Paula Cooper Gallery, 1997
Softcover, 20 pages, 9 x 7 inches
ISBN: 0-9608210-4-X
Unavailable
This publication accompanied an exhibition at Paula Cooper Gallery featuring Tony Smith’s Moondog (1964) and Smog (1970). Smith said, “All my sculpture is on the edge of dreams. They come close to the unconscious in spite of their geometry. On one level my work has clarity. On another it is chaotic and imagined.” It is this play between formal arrangement and spontaneity that gives Smith’s work its mysterious yet undeniable presence and authority.
Rising approximately 17 feet high, Moondog is a sophisticated combination of geometry, volume and monumentality. Both the internal and external structures are wedded, arrived at simultaneously through the geometric configurations that are the underlying basis of all Smith’s works. Like many of his sculptures, the whole is not visible from any one side; space is organized to relate to the human body as we move around and within the work. Moondog’s shifting planar surfaces and angles offer a topological reading of the sculpture as part of a continual space rather than a self-contained object.

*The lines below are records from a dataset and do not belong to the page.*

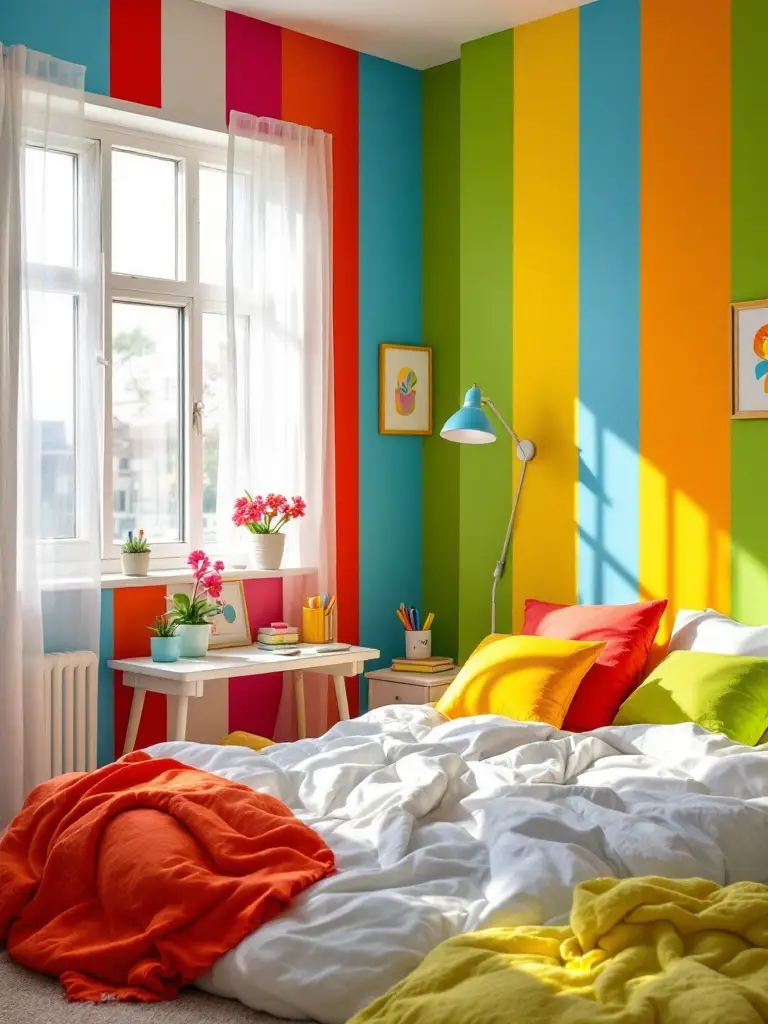 Small bedroom with colorful walls with certical stripes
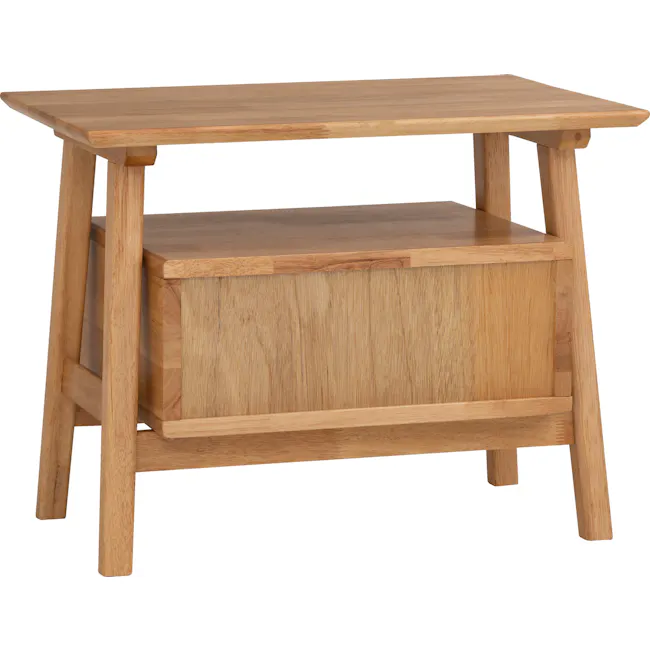 Keva Bedside Table - Natural - 5 - Wooden table with simple design, light brown finish, sturdy legs, rectangular top, square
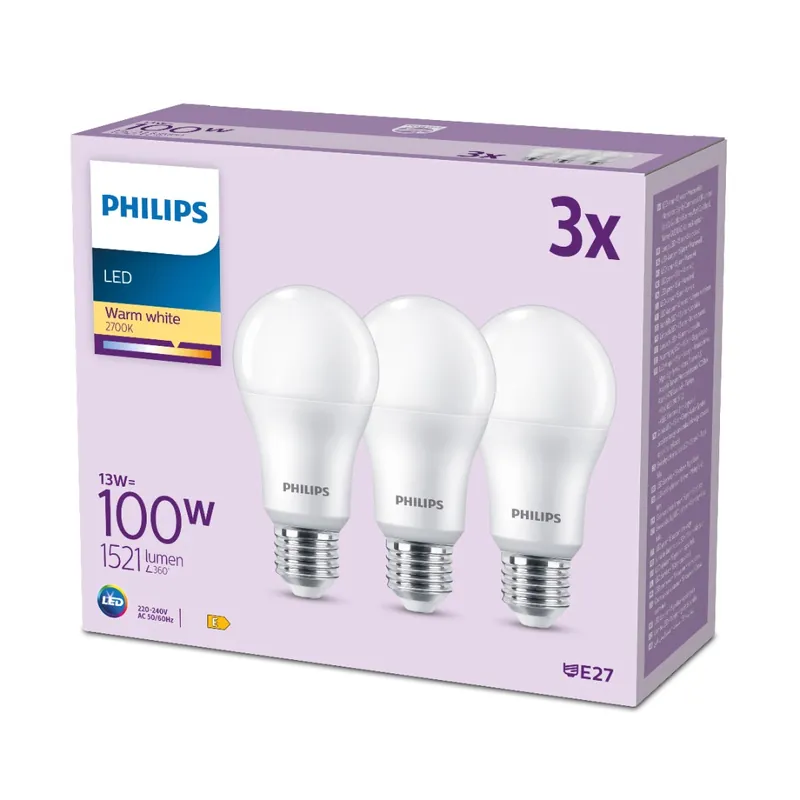 Luxe Philips LED Lamp Mat (P-13W (100W), E27, warm wit, 3 stuks)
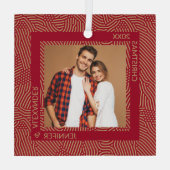 Gold und Rotes Foto Ornament Aus Glas (Rückseite)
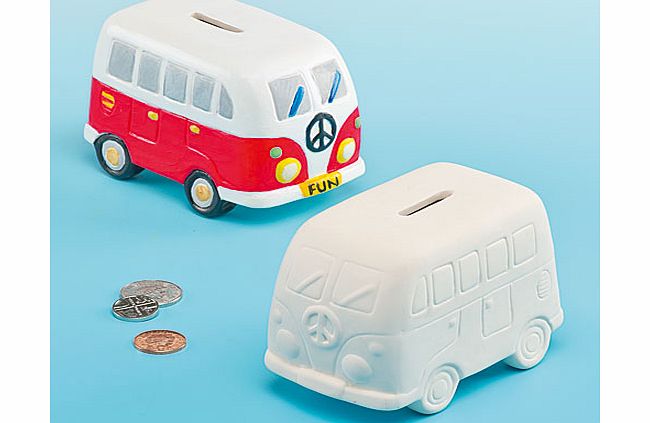 Camper Van Ceramic Coin Banks - Box of 4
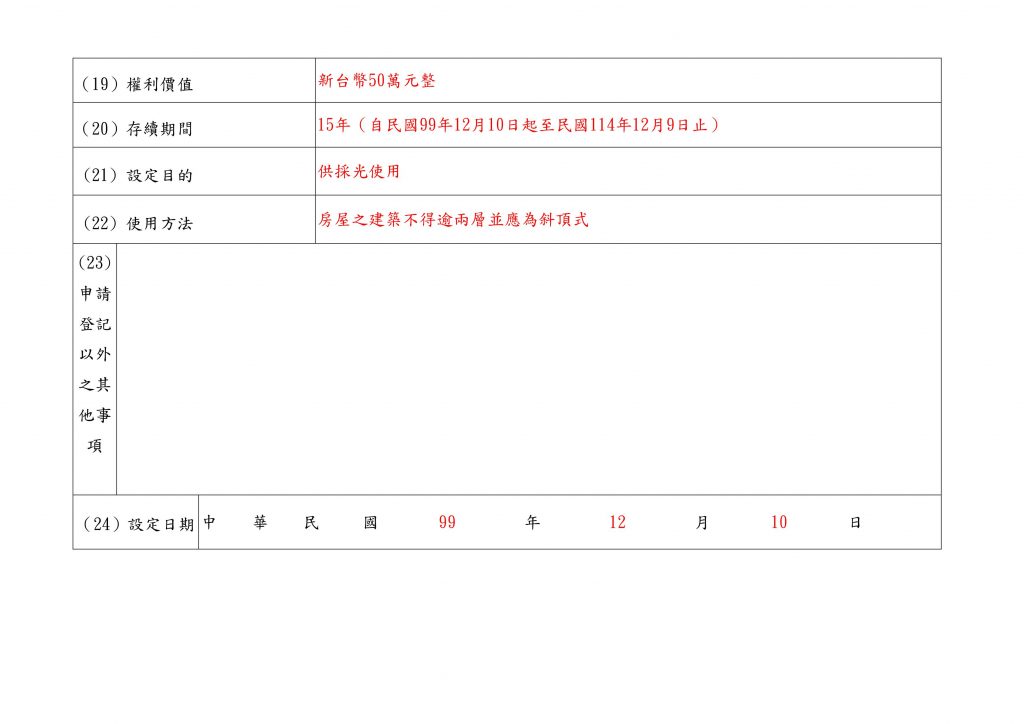 不動產役權設定清冊填寫範例 (2)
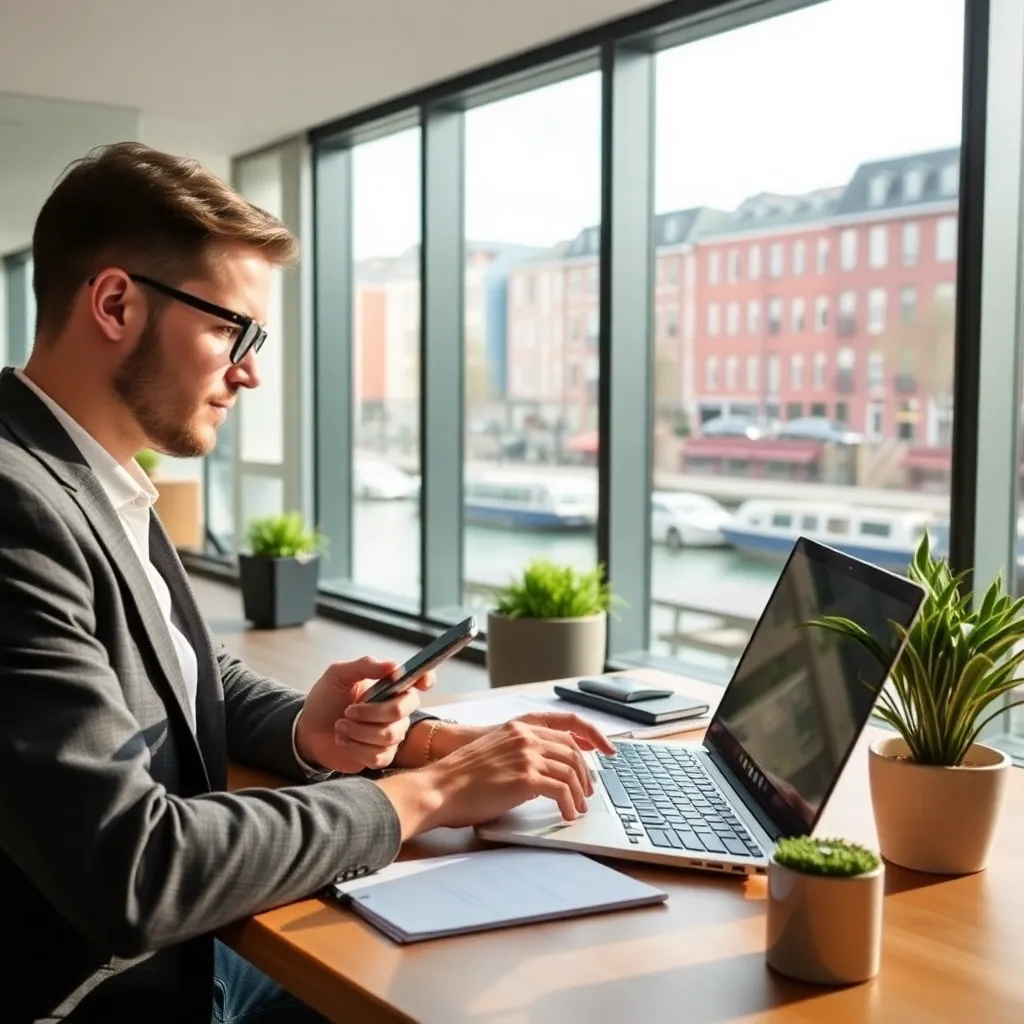 Nederlandse professional die werkt in een afleidingsvrije omgeving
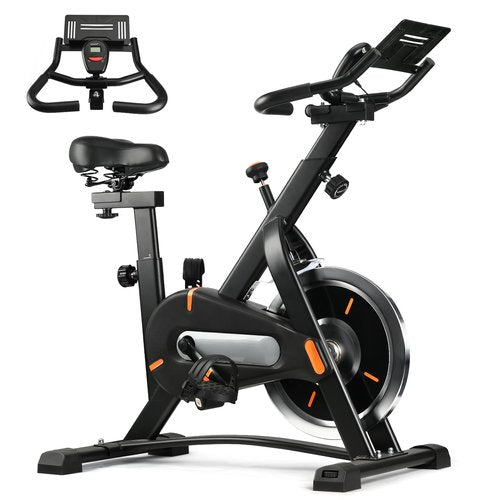 Exercise Bike, Indoor Bike/Brake Pad Stationary Bike, for Family, Indoor Bike with Silent Belt Drive, Heavy Duty Flywheel, Comfortable Saddle And Upgraded LCD Display (Basic Entry Model)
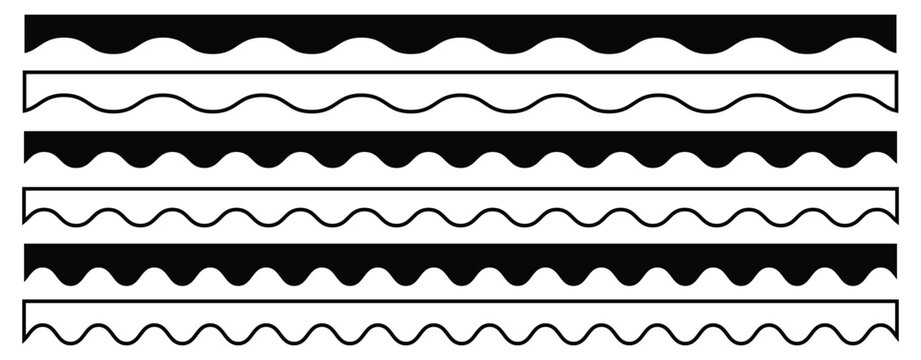 Scalloped edge borders set collection Simple scalloped border Decorative wavy trim borders vector isolated on white vector illustration isolated on white background.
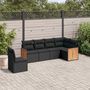 Voir la diapositive 1 : VIDAXL Salon de jardin 6 pcs avec coussins noir resine tressee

Smog is a network of interlocking tetrahedrons stretched horizontally. Its motif is the labyrinth, a configuration Smith employed for its “intuitive and emotional level, without a rationale, or even any analysis.” Smog also evokes nature’s modular patterning, evident in such structures as the honeycomb or crystal. It is an exploration in pure form stemming from Smith’s background in architecture, which he practiced for two decades.